Strategies for Pancreatic Differentiation of Pluripotent Stem Cells

2012 
The transplantation of insulin-producing cells is a promising option for the treatment of patients suffering from diabetes. Because the amount of transplantable surrogate islets is limited, pluripotent stem cells characterized by self-renewal and differentiation capacity offer unique alternatives for regenerative medicine. Over the last years, embryonic stem (ES) cells isolated from early embryos of mouse and human origin have been used for in vitro differentiation into the endoderm and pancreatic lineages.
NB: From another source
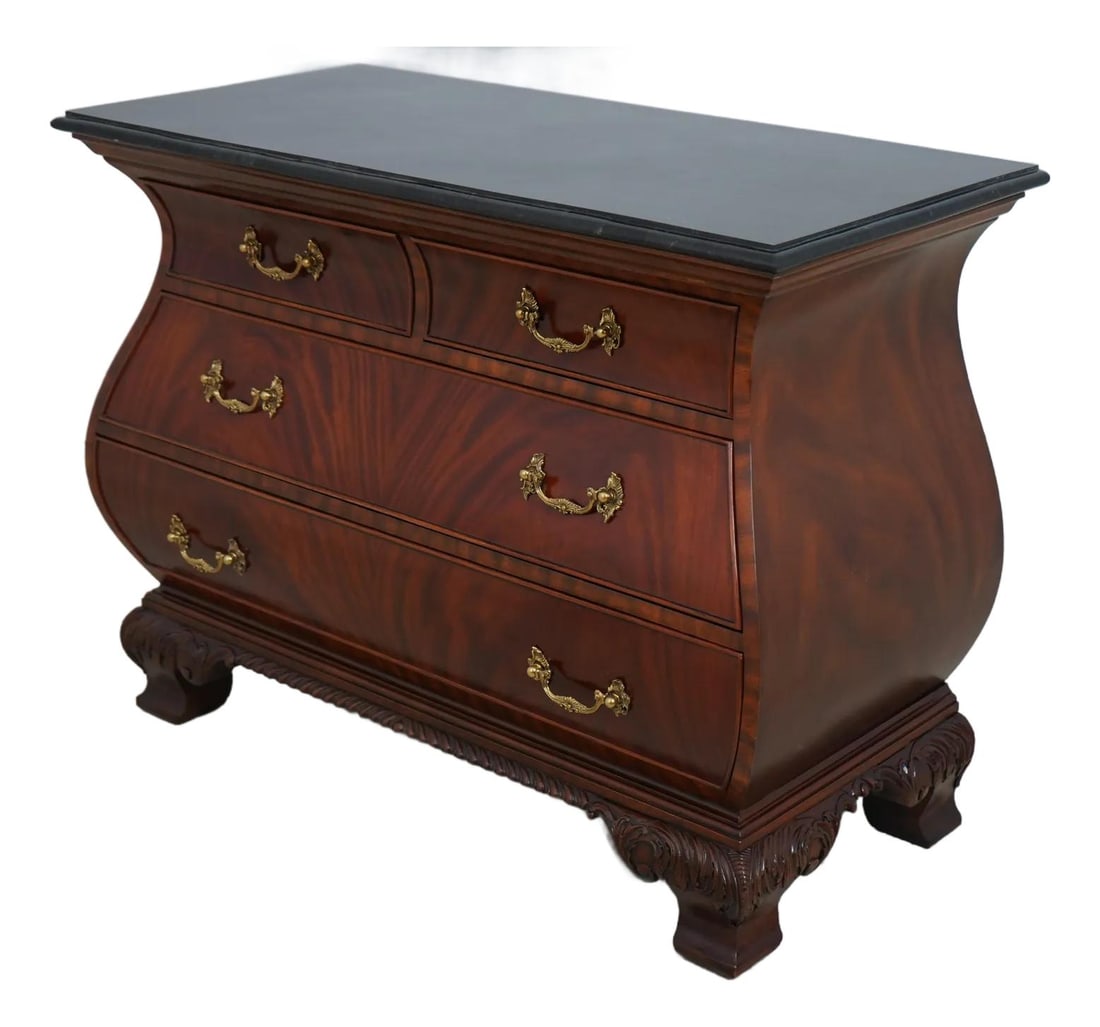 Maitland Smith Mahogany Kettle Base Chest with Marble Top (1 of 10)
The application of various differentiation strategies resulted in the formation of insulin-producing cells, but only partially, ES-derived insulin-secreting clusters were able to normalize the blood glucose level of diabetic mice. Recently, induced pluripotent stem (iPS) cells have been established by reprogramming of adult cells via the transfer of pluripotency-associated genes. These iPS cells were also capable to differentiate into insulin-positive cells. Here, we present a short overview about the strategies established for the generation of insulin-producing cells from murine and human pluripotent ES and iPS cells. The data demonstrate the achievements that have been obtained with respect to the production of islet-like cells, but also underline that future efforts are needed to improve their functional status and to translate laboratory data into clinical application.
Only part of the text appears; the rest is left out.